Im Streitfall konnte die beherrschende Personengruppe das Doppelvertretungsverbot auf Seiten der GmbH dadurch beseitigen, dass ein anderer Vertreter ermächtigt wird, entsprechende Rechtsgeschäfte mit der Klägerin zu schließen. Dies konnte nach dem Gesellschaftsvertrag der GmbH z.B. durch Bestellung eines Prokuristen geschehen (vgl. ). Bei der für die GmbH bestehenden Gesamtvertretungsbefugnis aus zwei GF oder einem GF zusammen mit einem Prokuristen kann auch dem bestellen Prokuristen eine Ermächtigung zum Abschluss von Verträgen erteilt werden. Die GmbH hatte damit jederzeit die Möglichkeit, durch Bestellung eines Prokuristen dafür zu sorgen, dass sie bei Geschäften mit der Klägerin durch einen Prokuristen vertreten wird. Weiterhin hätte neben einem Prokuristen auch einer der beherrschenden GbR Personengruppe (je 33 %-GbR-Gesellschafter) die GmbH vertreten können, so dass die beiden anderen Personen dieser Personengruppe als Vertreter der Klägerin hätten auftreten können. § 181 BGB hätte dem Abschluss eines solchen Geschäfts mithin nicht entgegengestanden.
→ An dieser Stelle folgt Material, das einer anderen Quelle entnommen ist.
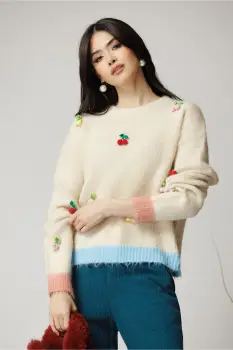 Bluza casual din tricot bej cu cirese crosetate imagine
Es geht bei der personellen Verflechtung nur um die strukturelle Durchsetzungsmöglichkeit eines einheitlichen Willens im Besitz- und im Betriebsunternehmen und nicht darum, ob davon im Einzelfall auch Gebrauch gemacht wurde.
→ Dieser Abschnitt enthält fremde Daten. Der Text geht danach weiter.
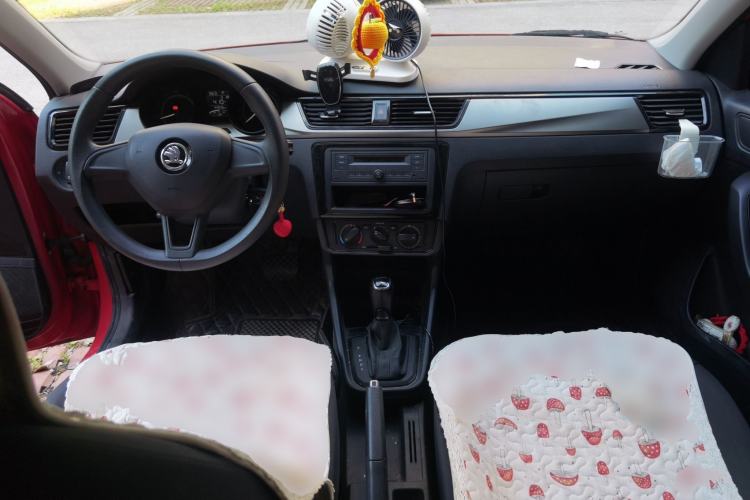Used Skoda Rapid Spaceback 2020 1.5L Automatic Standard Edition Center Console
Die Klage gegen die Ablehnung der Feststellung eines vortragsfähigen Gewerbeverlustes ist zulässig, wenn der Kläger geltend macht, er unterhalte schon dem Grunde nach keinen Gewerbebetrieb.
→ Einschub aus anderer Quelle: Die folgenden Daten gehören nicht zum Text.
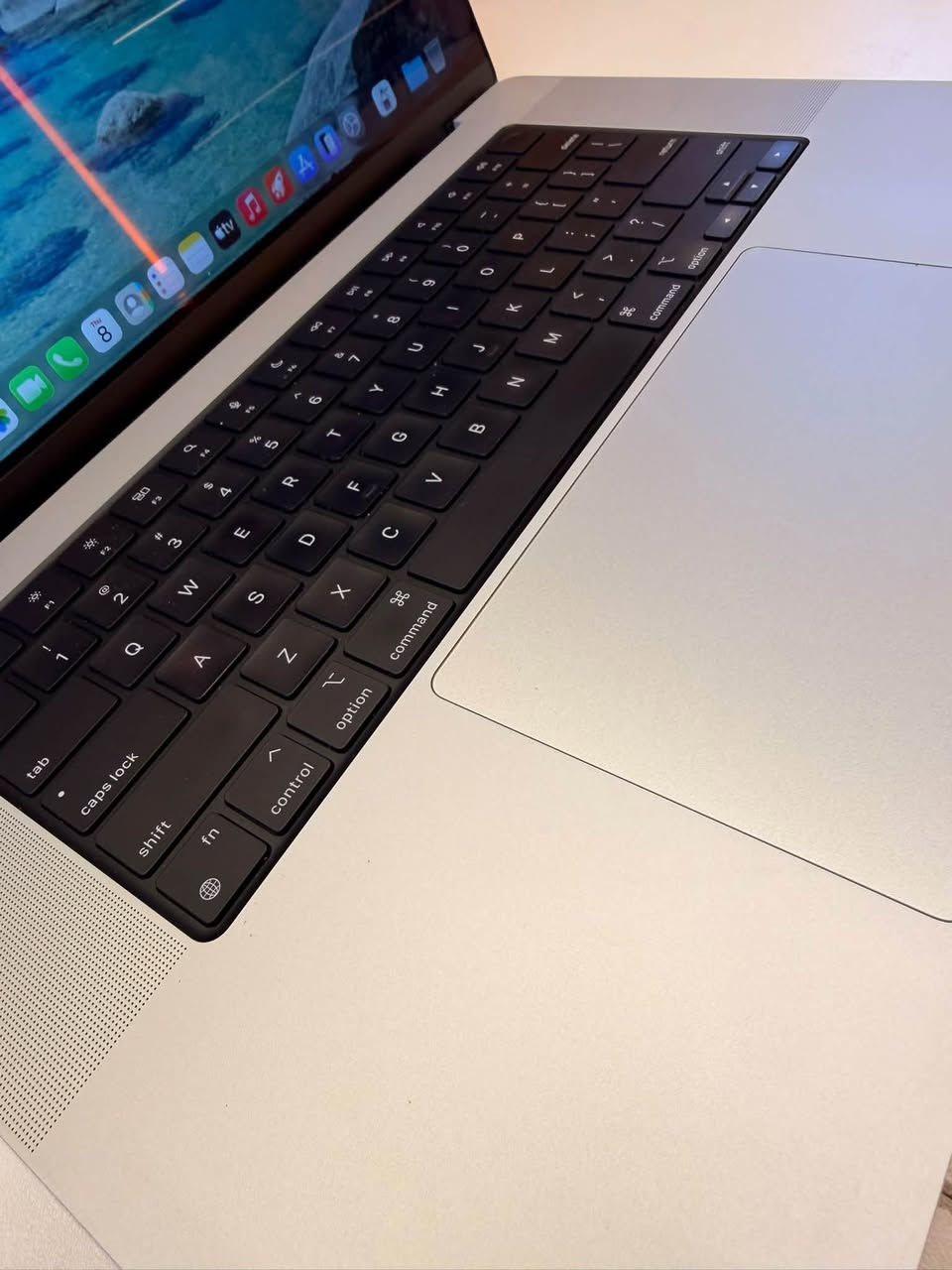 ماك بوك برو • M1 Pro • ١٦ انج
Im Besprechungsfall hatte eine GbR einer GmbH ein Grundstück vermietet, das unstreitig den räumlichen und funktionalen Mittelpunkt der Geschäftstätigkeit der GmbH bildete und deshalb als eine wesentliche Betriebsgrundlage anzusehen war. Neben der damit gegebenen sachlichen Verflechtung zwischen Besitz- und Betriebsunternehmen ist jedoch weitere Voraussetzungen für eine Betriebsaufspaltung, die eine originär gewerbliche Tätigkeit des vermietenden Besitzunternehmens zur Folge hat, eine personelle Verflechtung zwischen beiden Unternehmen. Sie liegt vor, wenn eine Person oder Personengruppe beide Unternehmen in der Weise beherrscht, dass sie in der Lage ist, in beiden Unternehmen einen einheitlichen Geschäfts- und Betätigungswillen durchzusetzen, wobei entscheidend ist, dass die Geschicke des Besitzunternehmens in den wesentlichen Fragen durch die Person oder Personen bestimmt werden, die auch hinter dem Betriebsunternehmen stehen. Zu den wesentlichen Fragen gehören insbesondere die hinsichtlich der wesentlichen Betriebsgrundlagen bestehenden Nutzungsüberlassungsverträge, die nicht gegen den Willen der Person oder der Personengruppe aufgelöst werden sollen, die das Besitzunternehmen beherrscht. Im Besprechungsfall war das FG der Ansicht, dass § 181 BGB der personellen Verflechtung entgegenstehe. Der BFH wies jedoch darauf hin, dass die beherrschende Personengruppe das Doppelvertretungsverbot auf Seiten des Betriebsunternehmens (GmbH) dadurch beseitigen könne, dass ein anderer Vertreter ermächtigt wird, entsprechende Rechtsgeschäfte mit dem Besitzunternehmen (GbR) zu schließen. Dies habe nach dem Gesellschaftsvertrag der GmbH z.B. durch Bestellung eines Prokuristen geschehen können. Das Doppelvertretungsverbot des § 181 BGB steht demnach der Annahme einer Beherrschungsidentität von Gesellschafter-Geschäftsführern aus Besitz-GbR und Betriebs-GmbH nicht entgegen, wenn die gesellschaftsrechtlichen Grundlagen die Umgehung dieses Verbots durch Übertragung der Vertretung auf eine andere Person ermöglichen. Entscheidend ist dabei die strukturelle Durchsetzungsmöglichkeit eines einheitlichen Willens im Besitz- und im Betriebsunternehmen und nicht, ob davon im Einzelfall auch Gebrauch gemacht wurde.